Sou músico. Mas a música que toco não agrada aos filósofos. Basta
que eu comece a tocar para que os filósofos comecem a correr.
A
flauta que tenho na mão é a flauta de Dionísio, o deus grego da
alegria. Ela tem poderes mágicos, semelhantes aos da flauta do
flautista de Hamelin. Quem ouve a sua música fica alegre e se põe a
dançar. (FN III, p.(II) 1146; Ecce
Homo,
" O Caso Wagner", #1).
Por
isso os filósofos correm: eles têm medo de que eu, com minha
música, os faça dançar. A dança é o que mais os amedronte.
Porque dança é coisa que se faz com o corpo inteiro. Mas os
filósofos não têm corpo. Eles só têm cabeça e olhos. É dos
seus olhos que nascem os seus pensamentos. Não sabendo dançar, nem
mesmo pensar eles sabem. Porque pensar é dançar com os pensamentos.
Os pensamentos dos filósofos não dançam. Eles marcham, como
soldados em ordem unida.
Por
muitos séculos esta flauta esteve enterrada. Desde Sócrates, quando
a razão triunfou sobre o instinto. Foi nesse momento, quando a
flauta de Dionísio foi enterrada, que a decadência do mundo grego
começou. (FN-III (II) p. 1109, Ecce
Homo,
Prefácio, 2 ).
Essa
flauta tem o poder mágico de acordar o instinto. Aqui já aparece o
meu conflito com os filósofos: falei em magia. Para os filósofos
magia é superstição. Os filósofos não acreditam que as palavras
tenham o poder de criar. As palavras são, para eles, apenas
"ferramentas" na oficina da razão. Eles "usam"

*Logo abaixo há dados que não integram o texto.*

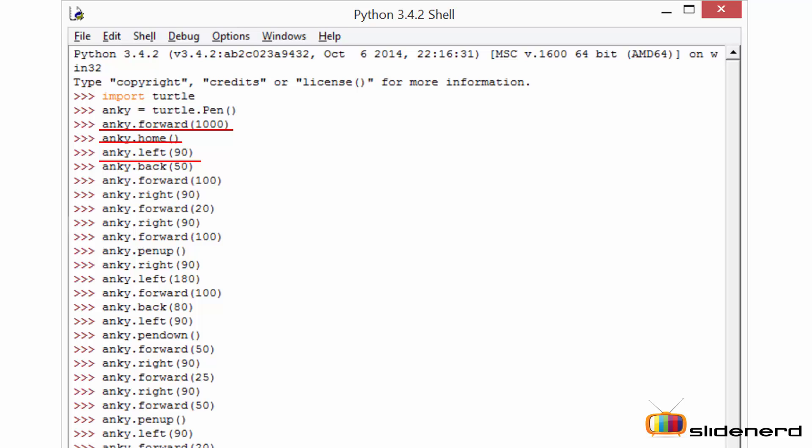Next is the left function. This function makes the turtle turn in the left direction. The angle assigned is the inclination at which the turtle will turn. Here I have mentioned 90 degrees, that means the turtle will turn left by 90 degrees.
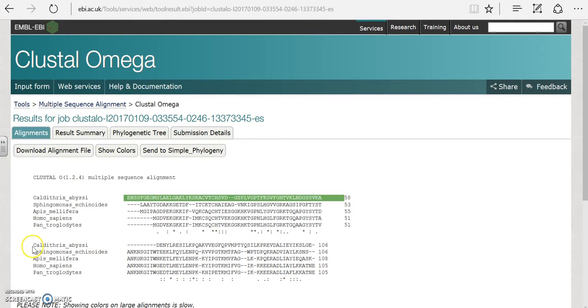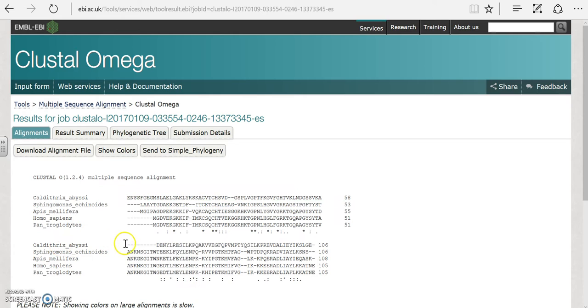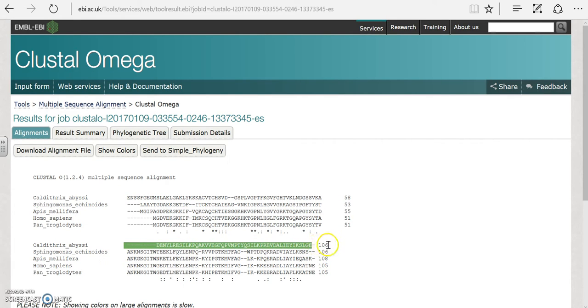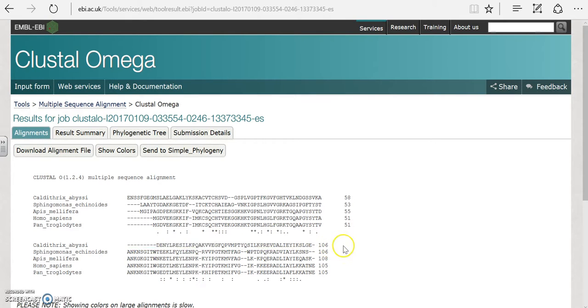Notice it continues on down here, the same species. This is just a continuation, continuing the counting going all the way up to 106 amino acids.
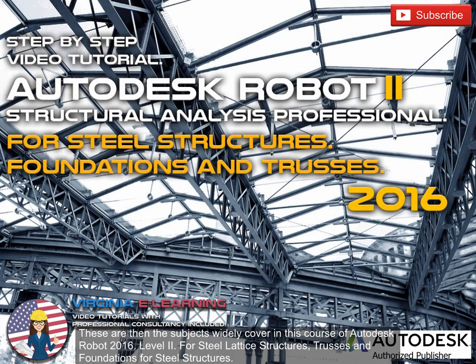These are then the subjects widely covered in this course of Autodesk Robot 2016, Level 2, for Steel Lattice Structures, Trusses, and Foundations for Steel Structures.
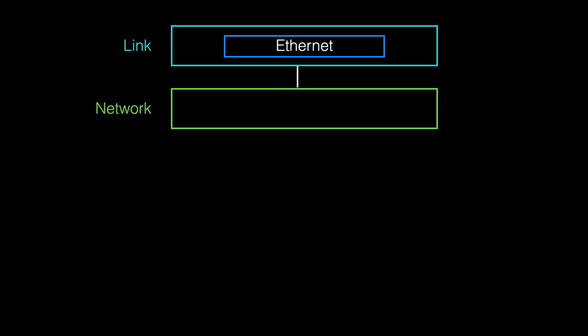The network layer handles addressing, routing, and traffic control in a network with multiple devices using address resolution protocol and internet protocol.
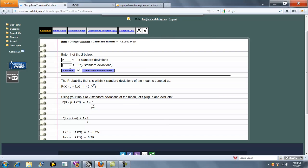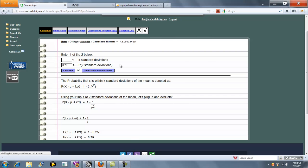Now, what if we wanted to say the probability that it's k standard deviations away is 0.75? So we want to solve how many standard deviations away is it. Well, then we would fill this box in with a probability and leave this one empty. Press calculate.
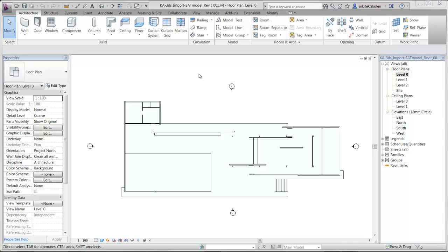In this tutorial I will show how to create 2D drawings from an imported 3D model into Revit and use Revit's functionalities to create sections.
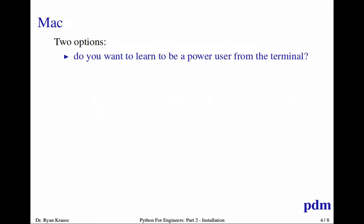On a Mac, you've got to choose if you want to become more like a Linux user and unleash the power of the terminal, or if you want to just stay as a mouse clicky user and just do it that way, more Windows-like.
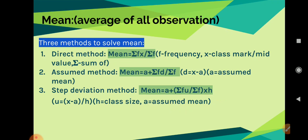Before going to that, let us recall how to find the mean. For finding mean, we have three methods: direct method, assumed method, and step deviation method. In the direct method, mean is equal to sigma fx divided by sigma f. Here, f is frequency, x is class mark or mid value of class interval, and sigma means sum of.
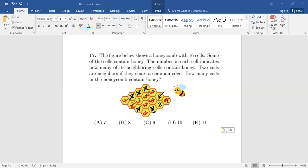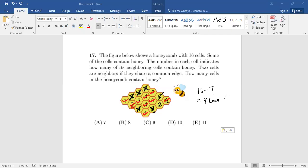So out of 16, let's see how many do not have honey: one, two, three, four, five, six, seven — seven of them do not have honey. That means nine have honey. So my answer to this question is option C.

as palavras. Suas palavras pertencem ao mundo da "utilidade".
Mas magia é, precisamente, criar pelo poder da palavra.
Em
oposição aos filósofos, as palavras para mim são música. Eu as
uso como quem toca um instrumento, porque elas são belas, porque
elas são diáfanas pontes coloridas sobre coisas eternamente
separadas, pelo prazer que me dão. As palavras fazem amor. Minhas
palavras pertencem ao mundo do deleite, da fruição.
Faço
isso não só por puro prazer, mas porque acredito que a beleza e a
alegria são divinas. São elas que dão ao homem o poder de
contemplar e viver a tragédia sem serem destruídos por ela. Foi
assim que os gregos triunfaram sobre a tragédia: eles a
transformaram em beleza. E ainda há alguns que me acusam de
impiedade, de não acreditar em Deus. Como dizer isso, se a beleza
existe? Acredito em deus, sim, num deus que dança...
*[ “Eu
poderia crer somente num deus que dançasse. E quando vi o meu
demônio eu o encontrei sério, rigoroso, profundo e solene: era o
espírito da gravidade – por ele todas as coisas afundam. Não se
mata por meio do ódio. Mata-se por meio do riso. Venham, vamos matar
o espírito de gravidade! Agora estou leve! Agora eu vôo! Agora um
deus dança através do meu corpo.” ( FN II ( II ) p.307 , Assim
falou Zaratustra, “Sobre o ler e o escrever” ]*
É
verdade que, vez por outra, eu uso as palavras como ferramentas, por
vezes como diapasão, para testar a afinação, às vezes como fogo,
havendo alguns que chegaram a me acusar de incendiário, como
martelos e marretas, para destruir e até mesmo como pimenta....
Mas,
se faço isso, eu o faço da mesma forma como o cozinheiro usa a faca
e os fogos, da mesma forma como o escultor usa o martelo e o cinzel,
da mesma forma como o jardineiro usa as cavadeiras e as enxadas, da
mesma forma como o parteiro usa os fórceps: para que uma coisa nova,
bela e alegre possa nascer. Todo criador tem de ser um destruidor.
*[
“Entre as condições para a tarefa dionisíaca estão, de uma
forma decisiva, a dureza do martelo, a alegria mesmo em destruir. ...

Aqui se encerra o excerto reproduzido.